Far East 2017, diciannovesima edizione. L’acqua è passata sotto i ponti, i giovani studenti universitari presenti alle primissime edizioni del FEFF sono cresciuti e da un po’ si possono abbozzare bilanci. Il progetto Far East continua a essere ambizioso, ogni tanto aggiusta il tiro, ha conquistato da anni la dimensione dell’evento. Tra i più importanti e significativi in Italia e in Europa, il festival di Udine è una irrinunciabile finestra sul cinema asiatico, un punto d’osservazione privilegiato, meta di cinefili, spettatori comuni e curiosi, giornalisti, critici, produttori, registi, attori di grido o di belle speranze.
In linea con le precedenti edizioni, il Far East 2017 intreccia generi – manca l’Horror Day, ma dipende dal materiale a disposizione – e cinematografie, impreziosendo il programma con la retrospettiva Creative Visions: Hong Kong cinema 1997-2017, evento nell’evento. Dieci pellicole che hanno segnato il cinema hongkonghese post-Handover: Made in Hong Kong di Fruit Chan (1997), The Mission di Johnnie To (1999), Infernal Affairs di Andrew Lau e Alan Mak (2002), Kung Fu Hustle di Stephen Chow (2004), After This Our Exile di Patrick Tam (2006), Ip Man di Wilson Yip (2008), Accident di Soi Cheang (2009), Love in a Puff di Pang Ho-cheung (2010), A Simple Life di Ann Hui (2011) e The Grandmaster di Wong Kar-wai (2013). Una retrospettiva che ci riporta all’anno zero del FEFF, alla seminale edizione dell’Hong Kong Film, che è poi diventato il Far East, si è accasato al Teatro Nuovo e ha cambiato il panorama del cinema asiatico nel Bel Paese (uno dei tanti punti d’arrivo è la collana di dvd e blu-ray, un tempo impensabile chimera).
Il Far East è anche restauro, con Made in Hong Kong di Fruit Chan rimesso a lucido in collaborazione con la Cineteca di Bologna. È l’invisibile che torna visibile, è il lavoro di recupero e valorizzazione che i festival spesso di dimenticano di fare. E non poteva mancare, sempre in tema di restauri, La farfalla sul mirino (1967) di Seijun Suzuki, gigante scomparso il 13 febbraio: in questo caso il restauro è della Criterion, mentre la CG si sta occupando dell’edizione italiana home video – in corso un crowdfunding.

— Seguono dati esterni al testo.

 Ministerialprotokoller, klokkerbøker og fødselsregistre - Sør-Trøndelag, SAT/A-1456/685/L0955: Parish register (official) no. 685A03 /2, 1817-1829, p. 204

La mini-sezione Restored Classics, oltre al cult di Suzuki, ospita anche Cain and Abel (1982) di Lino Brocka, Moments in a Stolen Dream (1977) di Mike De Leon e Three Years Without God (1976) di Mario O’Hara.

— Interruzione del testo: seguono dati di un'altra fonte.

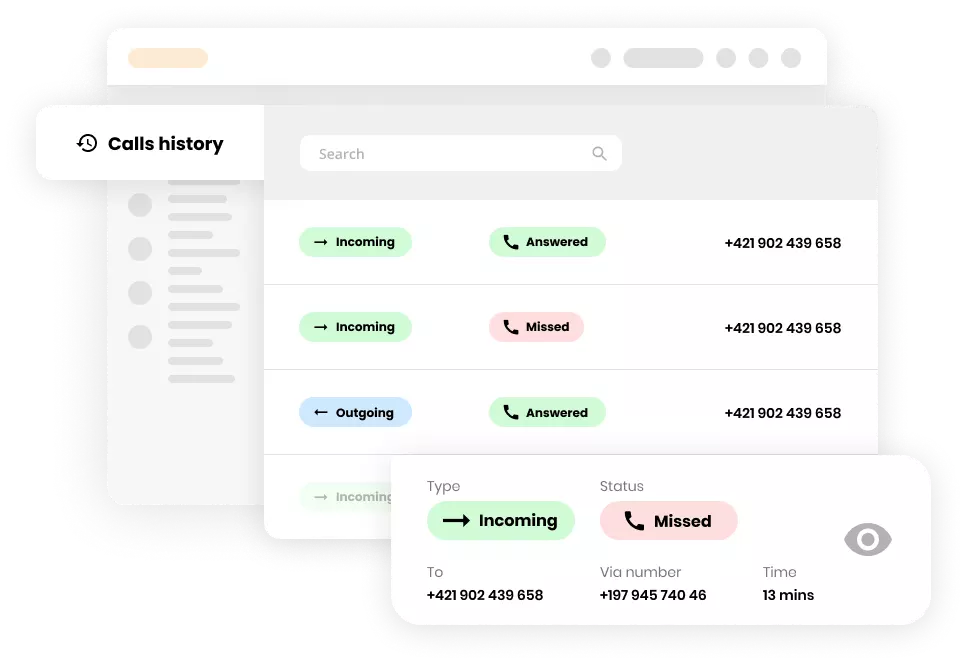 Gestão de contact center descomplicada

I punti d’arrivo e di ripartenza del Far East sono numerosi. Da sempre vulcanici, gli organizzatori del FEFF hanno fatto crescere questo microcosmo cinefilo/culturale/popolare/commerciale, dalle proiezioni e iniziative al Visionario fino alle varie diramazioni Ties That Bind, FEFF Campus, Focus Asia, senza dimenticare il Cosplay Contest. Una crescita che ha bisogno dei suoi fisiologici aggiustamenti – la questione del cinema di genere europeo, ad esempio – ma che continua a poggiare le proprie fondamenta sulla consueta immersione: film, film e ancora film, persino troppi (anche 8 al giorno), proveniente dai colossi Giappone (13 titoli) e Corea del Sud (13), da Cina e Hong Kong (16), Taiwan (4), Thailandia (3), Filippine (3), e poi Laos, Vietnam, Cambogia… non ci resta che cercare di vederli, poi se ne riparlerà. Buone visioni & immersioni.